*TASK DIRECTIONS*: Pictures aside, repeat all the entries below exactly as they appear.

MATERIAL PROVIDED: Begin

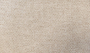 Grande-03_2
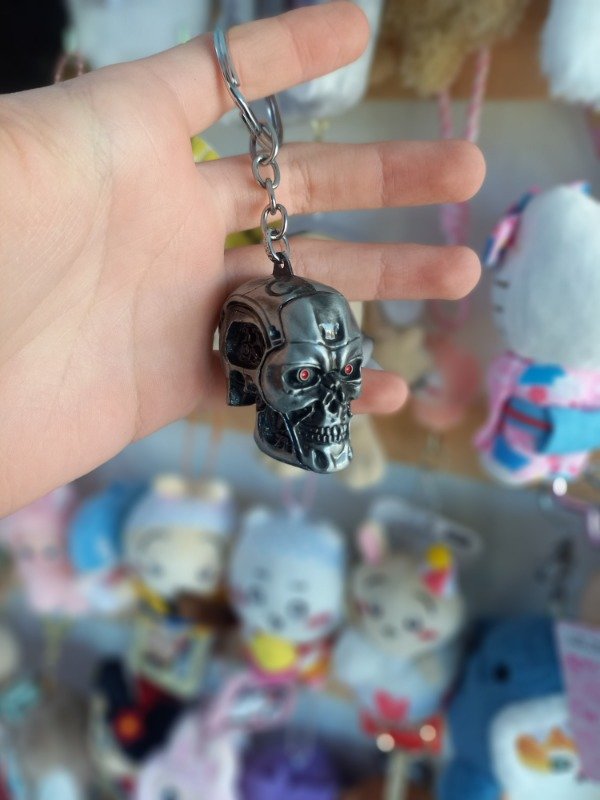 Miniatura de producto - 0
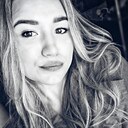 Алина, 29 лет
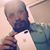 Darwin Vintimilla's profile image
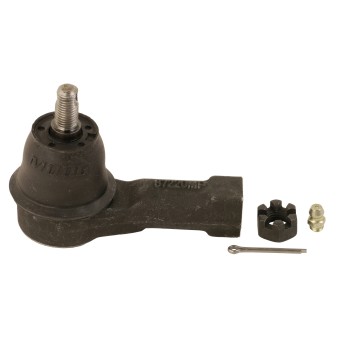 Steering Tie Rod End
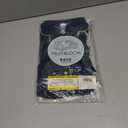 Fruit of the Loom Energize Boy's Loose Fit Pajama Set (4-5)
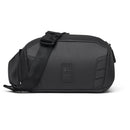 Nomatique McKinnon caméra Élingue 5L - Noir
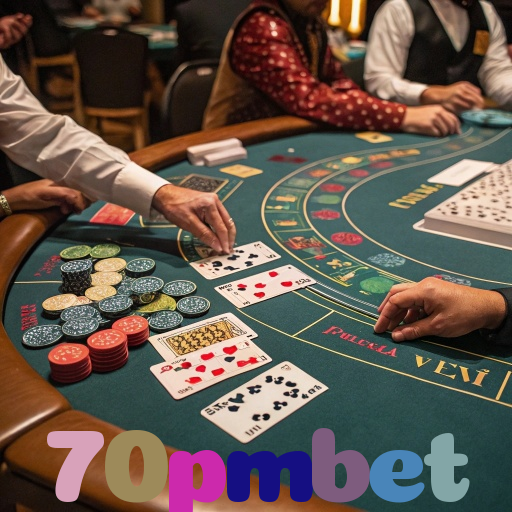 70pmbet: Aposta Facilmente com Funcionalidades Completas no Aplicativo Móvel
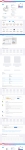 text/html; charset=UTF-8 | 200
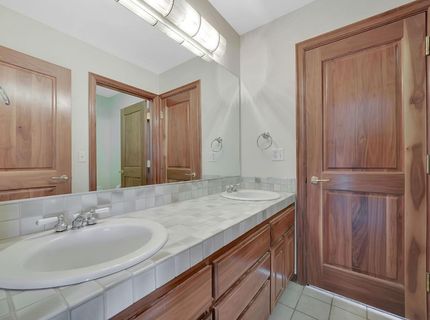 15111 Tyler Rd, Fiddletown, CA 95629 Photo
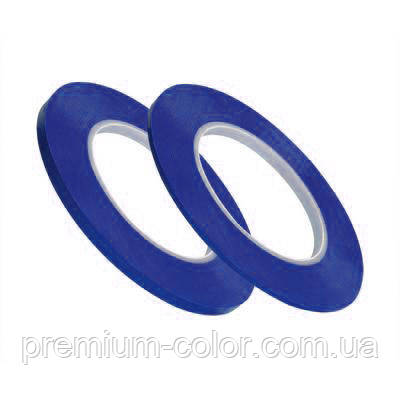 Декоративна малярська стрічка Q Refinish, фото 1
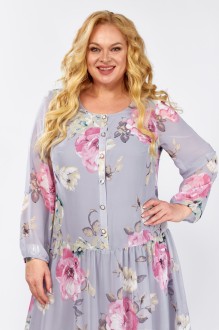 Распродажа ALGRANDA (Novella Sharm) A4052 #4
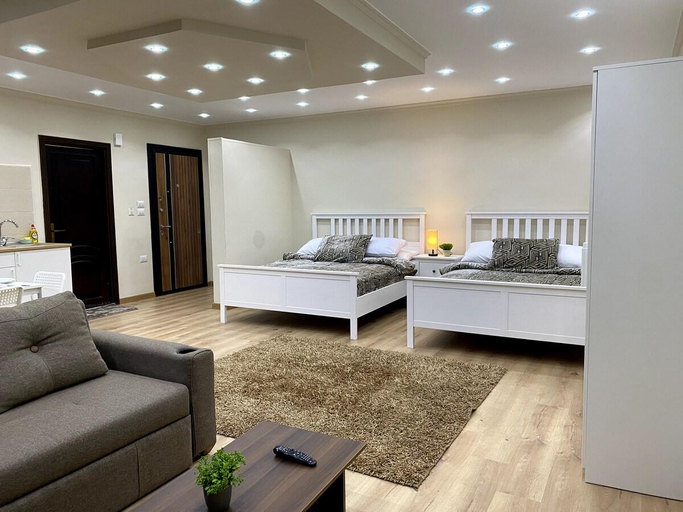 Others 5, Chelay studios Nasr city, Nasr City 1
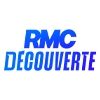 RMC Découverte
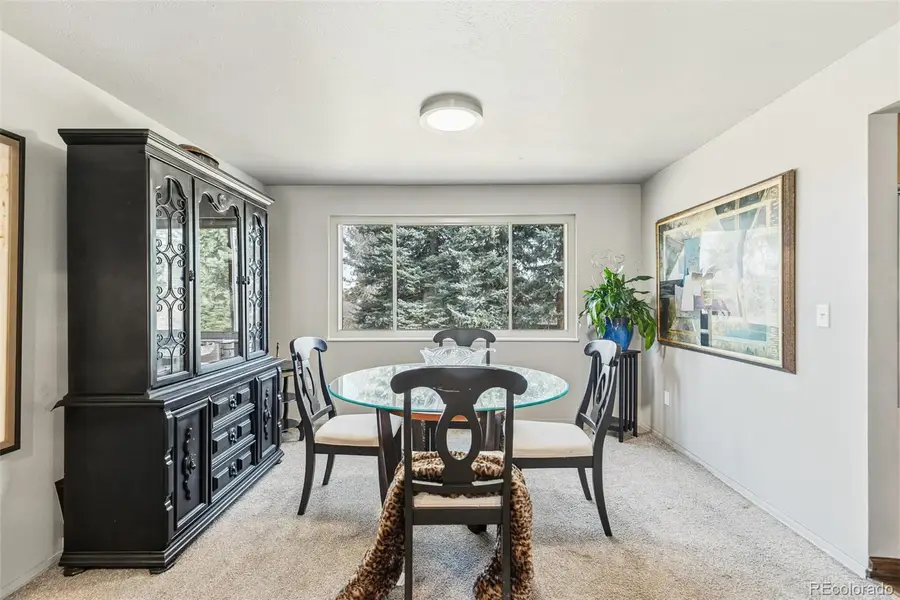 3744 S Quince Street, Denver, CO 80237 - #2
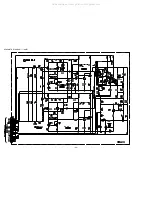 Предварительный просмотр 22 страницы Aiwa AV-D58 Service Manual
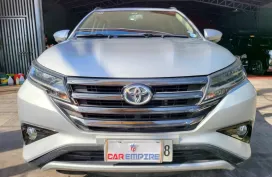 ✅Toyota Rush 2021 1.5 G 20K KM Auto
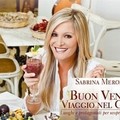 Buon vento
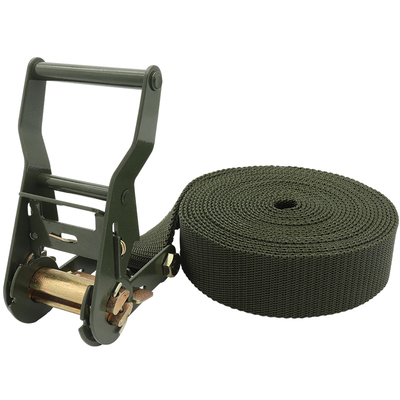 棘轮拉紧器捆绑带绷带川普绷带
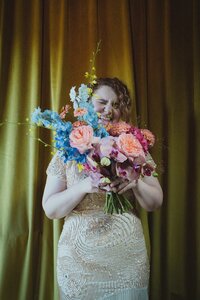 Rhode-Tripper-Wedding-Photography-152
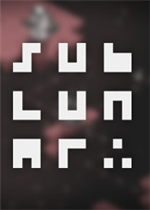 Sublunar官方版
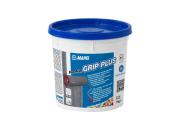 Mapei Eco Prim Grip Plus - Univerzális tapadásfokozó alapozó Mapei Eco Prim Grip Plus - Univerzális tapadásfokozó alapozó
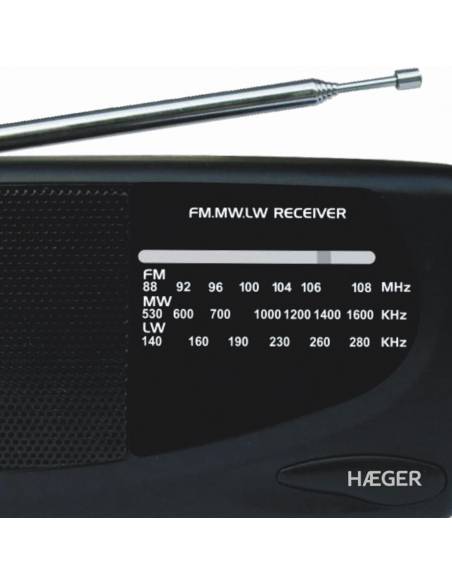 produto-handy-woo-2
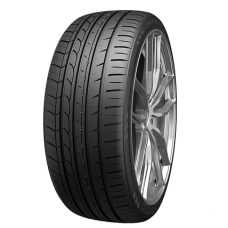Летние шины 235/55 R17 Dynamo Street-H MU02 103W XL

MATERIAL PROVIDED: End

*SOLUTION*:
 Grande-03_2
 Miniatura de producto - 0
 Алина, 29 лет
 Darwin Vintimilla's profile image
 Steering Tie Rod End
 Fruit of the Loom Energize Boy's Loose Fit Pajama Set (4-5)
 Nomatique McKinnon caméra Élingue 5L - Noir
 70pmbet: Aposta Facilmente com Funcionalidades Completas no Aplicativo Móvel
 text/html; charset=UTF-8 | 200
 15111 Tyler Rd, Fiddletown, CA 95629 Photo
 Декоративна малярська стрічка Q Refinish, фото 1
 Распродажа ALGRANDA (Novella Sharm) A4052 #4
 Others 5, Chelay studios Nasr city, Nasr City 1
 RMC Découverte
 3744 S Quince Street, Denver, CO 80237 - #2
 Предварительный просмотр 22 страницы Aiwa AV-D58 Service Manual
 ✅Toyota Rush 2021 1.5 G 20K KM Auto
 Buon vento
 棘轮拉紧器捆绑带绷带川普绷带
 Rhode-Tripper-Wedding-Photography-152
 Sublunar官方版
 Mapei Eco Prim Grip Plus - Univerzális tapadásfokozó alapozó Mapei Eco Prim Grip Plus - Univerzális tapadásfokozó alapozó
 produto-handy-woo-2
Летние шины 235/55 R17 Dynamo Street-H MU02 103W XL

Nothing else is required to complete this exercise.